Sunday, December 10, 2017

Spicing up the House

So today is dedicated to putting the final natural touches on the decorations into house. The Office is coming over next Friday and the family comes in after that.  We have not had all of us together at our house on Christmas for a while, so I have put up two trees and pull out all the decorations. (Which is a large strange collection of love)

I was about ready to light a candle, but because I had some wonderful fresh blueberries, raspberries, and strawberries in the house ...I decided to make a crumble.

So I filled the house with fish cinnamon and simmering berries....  So now on to the fresh magnolia/evergreen swag for the hall stairway.

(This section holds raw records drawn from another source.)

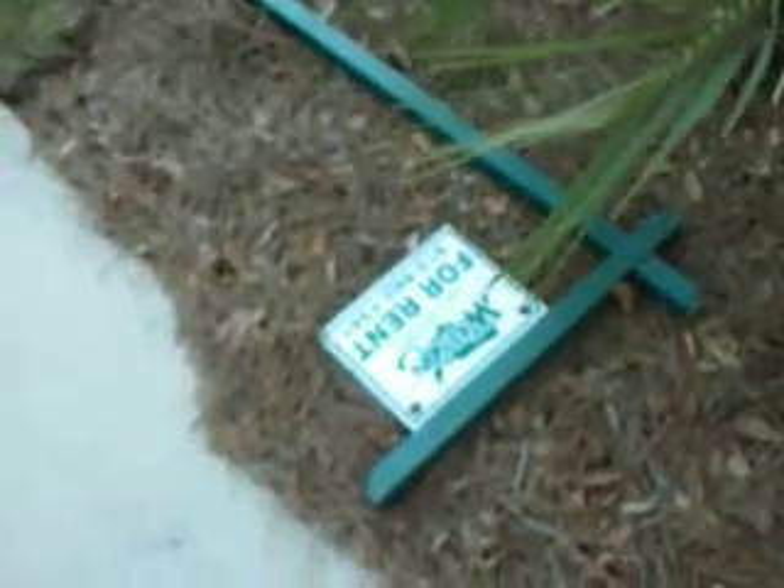Oh, the for rent sign. Until then, we got knocked down.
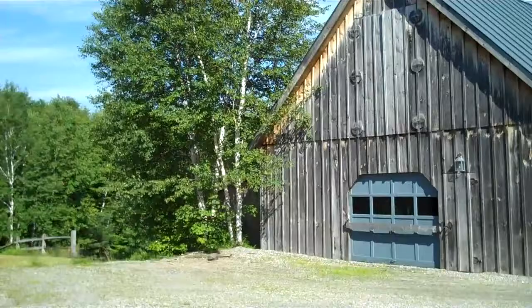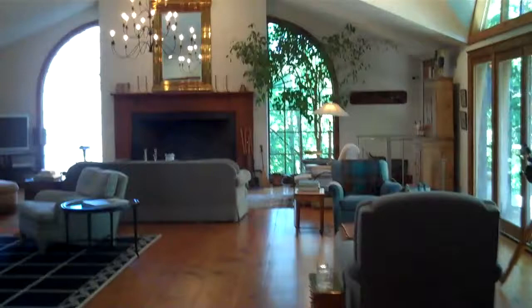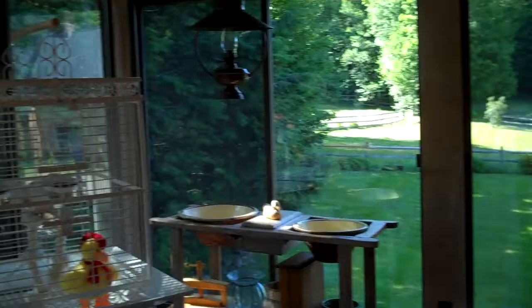This house is the ultimate in entertaining. We're coming from the large country kitchen into a really cozy den area with fireplace, and then moving into the pièce de résistance — the greatest of great rooms. Many a fun party has been had in this room. And this wonderful three-season porch off of the kitchen is a place to relax and listen to the Sterling Brook down below.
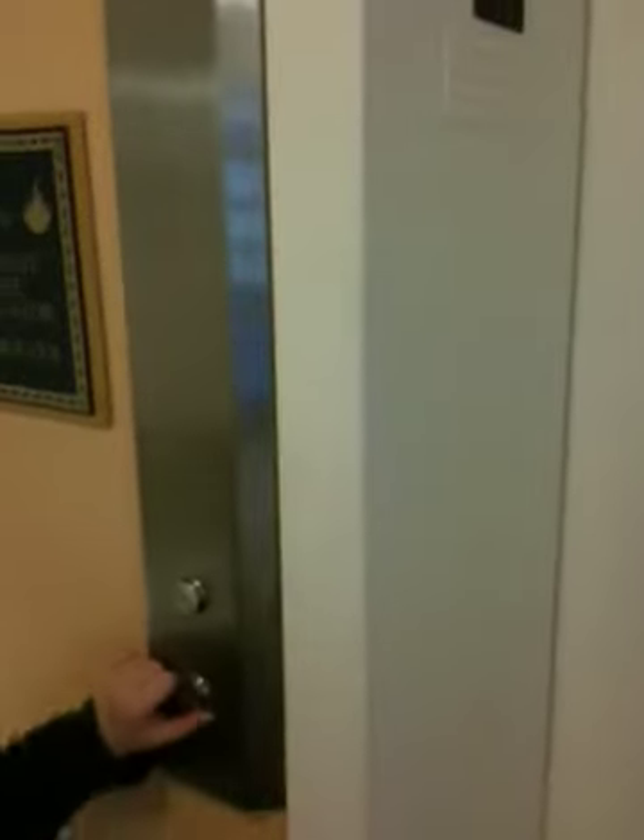This is the elevator at the Doubletree Greensboro. It's a notice elevator. There are two elevators — they're both notice — but they have, at the bottom floor, a different indicator. Going down.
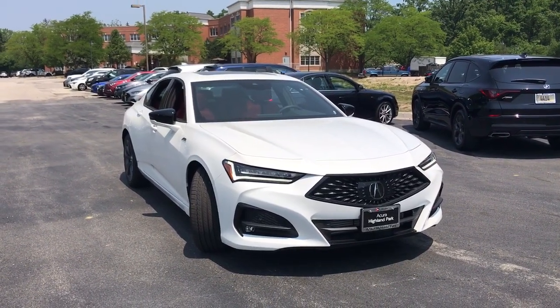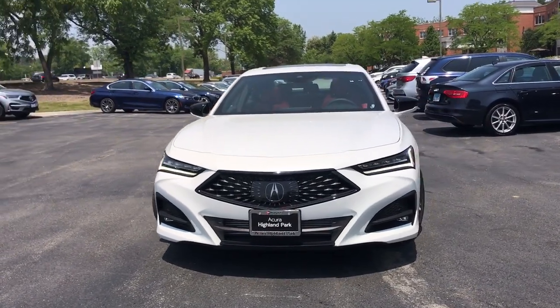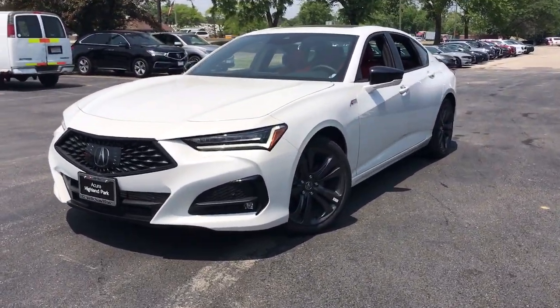You will love the features of this 2023 Acura TLX. A midsize luxury sedan with attitude, the TLX delivers performance in style.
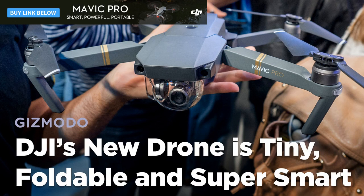Pre-sales for the DJI Mavic Pro start today and it ships October 15th.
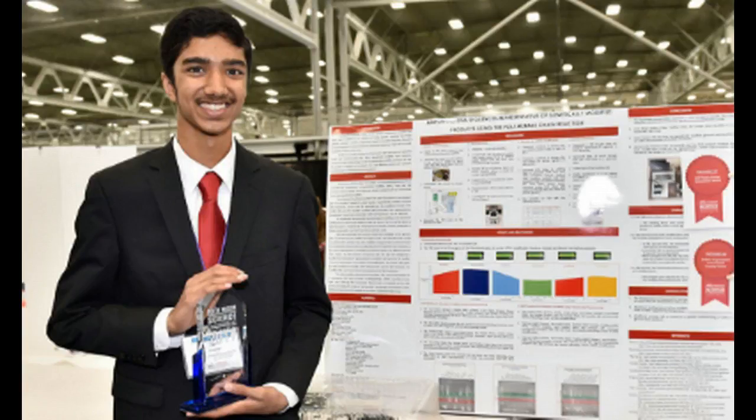We have a science fair grand champion who has won the whole thing by creating a GMO detection device. This is pretty interesting, especially when it comes to GMOs and all the people out there wondering what products really are GMO.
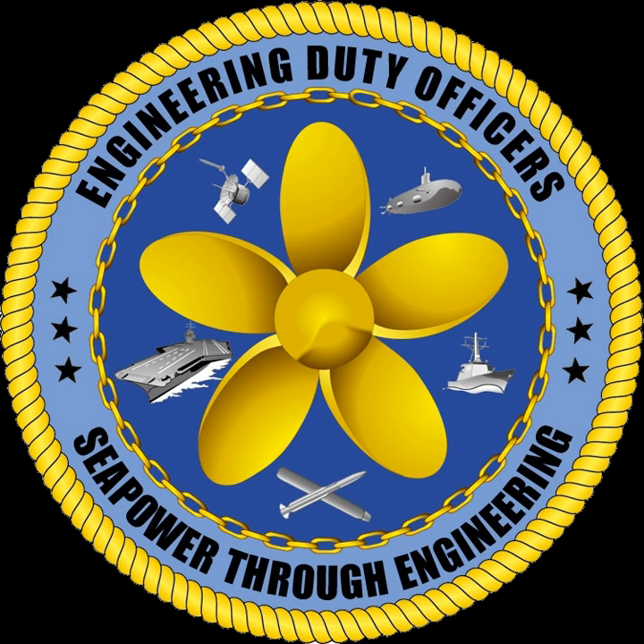The two predominant sources of new EDOs are by lateral transfer from another URL designator or by choosing to exercise their engineering duty option granted upon commissioning. For active duty URL officers, a requirement for lateral transfer or for exercising an engineering duty option is the completion of either submarine warfare or surface warfare qualification. Therefore, the vast majority of EDOs wear the same submarine warfare or surface warfare insignia as their URL counterparts. A small number of EDOs not previously qualified as submarine warfare officers can volunteer for the engineering duty dolphin program, and by successfully completing it, earn their submarine engineering duty insignia.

Here is the recipe from a great website I visit often:
Low Carb & Sugar-Free Berry Crumble
Skillet Berry Crumble

• 275 Calories
• 24.8 g of Fat
• 6.4 g of Protein
• 5.5 g of Net Carbs
6 servings
Prep Time
10 minutes
Cook Time
15 minutes
Berry Base
  • 1 tbsp coconut oil (or ghee)
  • 2 cups mixed berries (we used strawberries, blueberries, blackberries and raspberries)
  • 5-10 drops liquid stevia (optional)
  1. Preheat the oven to 400°F.
  2. To make the berry base, heat a medium-size skillet greased with butter or ghee over medium-high heat. Add the berries and cook for 3-5 minutes or until softened. Add sweetener if necessary. 
  3. Place almonds and pecans into a food processor. Add the butter, cinnamon, vanilla extract, sea salt and stevia (if using). Pulse for a few seconds until the mixture is chopped as roughly or as finely as you like. 
  4. Sprinkle the nut mixture on top of the berries and broil for about 7-10 minutes, until lightly browned and crisp on top.
  5. Transfer to a cooling rack and let cool for 5-10 minutes. Serve warm or cold with a dollop of whole milk yogurt on top and a sprinkle of cinnamon.

My finished dish...I will add some fresh whipped cream, with cinnamon...

Here are the berries cooking..loved using my cast iron skillet collection.

Now on to the next project for the day.